Have you seen that episode of Game of Thrones?  The mean queen must walk through her city, hair shorn short, naked as people throw trash and worse, shouting at her “Shame. Shame. Shame.”  It was surreal at best to hear this fictional scene brought to life.

Psychologist, researcher and shame expert, Dr. Brene Brown says “Shame is a focus on self…Shame is “I am bad… I am a mistake.” What a horrible thing to wish or gift to someone else by saying, “Shame on you.”

But what if instead of rejecting the painful nature of that moment-everyone pointing at and demonizing everyone else-we opened ourselves up to it instead?  As each person chanted “shame” at someone else, that person must inherently understand the depths of the anguish of the other because it matched their own agony. Simultaneously, everyone in that room was standing in the shoes of everyone else in that room.

Rabbi Berel Wein, Jewish historian and author writes the following regarding the virtue of shame. “As long as shame existed the possibility for repentance and self-improvement also existed… Only when the sense of shame disappears does hope wane for a change for the better”

Shame, when we are looking at our own selves, can serve as a tool to inspire change.

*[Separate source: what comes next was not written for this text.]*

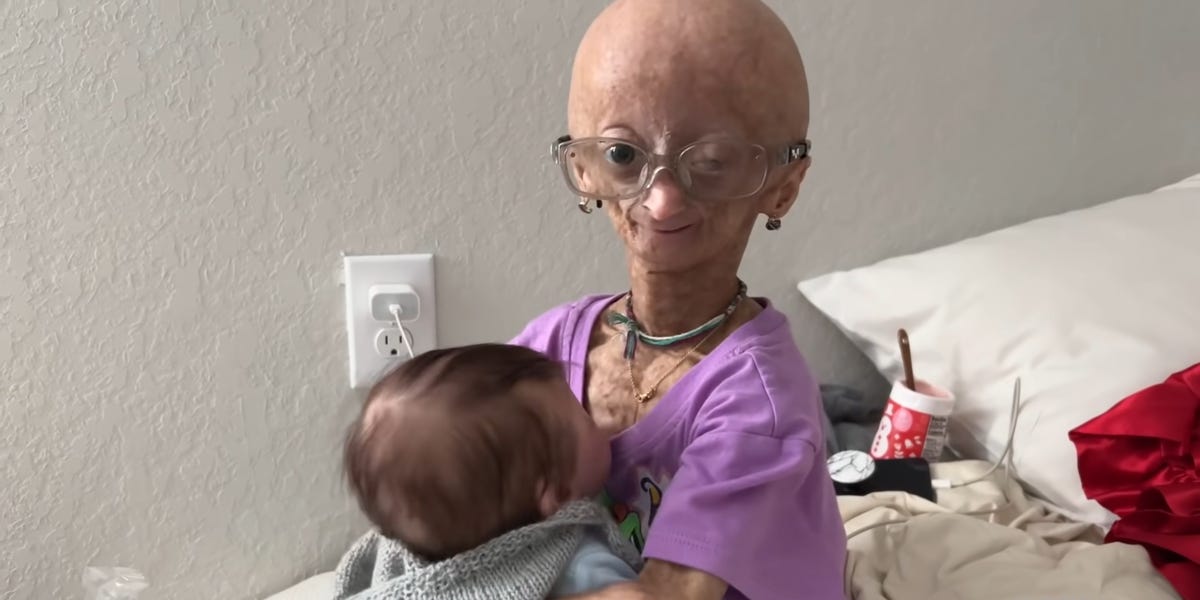 YouTuber With Progeria Died at 15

Now, those assembled did not feel shame about their own position regarding abortion but perhaps getting in touch with the shame one might feel for name calling and publicly insulting another human being might be the gateway into some real change.

Shame separates us.  But, Dr. Brown tells us that If we’re going to find our way back to each other [from shame], vulnerability is going to be that path.”  She further shares, “vulnerability is not weakness, it is pure courage…  I’ve come to the belief that vulnerability is our most accurate measurement of courage — to be vulnerable, to let ourselves be seen, to be honest…vulnerability is the birthplace of change.”

That moment in the meeting was dreadful because no one was listening, no one was learning, no one was better for it. By being willing, open and vulnerable to our own pain and the pain of others, only then is change possible. Only then is the moment of shaming transformed into a moment of awakening.

For all the finger pointing and criticizing that was happening today, I offer these words by President Theodore Roosevelt and invite all of us to enter the arena. “It is not the critic who counts; not the man who points out how the strong man stumbles, or where the doer of deeds could have done them better. The credit belongs to the man who is actually in the arena, whose face is marred by dust and sweat and blood; who strives valiantly; who errs, who comes short again and again, because there is no effort without error and shortcoming…who at the best knows in the end the triumph of high achievement, and who at the worst, if he fails, at least fails while daring greatly, so that his place shall never be with those cold and timid souls who neither know victory nor defeat.”

To sit and point fingers is sitting on the side lines watching the drama. But to truly be a brave warrior for change and for justice, we have to enter the arena. This is what it will take-no more and no less, to change the tenor of our relationships with one another in our country, to come together, to stand up and to move forward. Shame, turned to vulnerability turned to courage. Come in.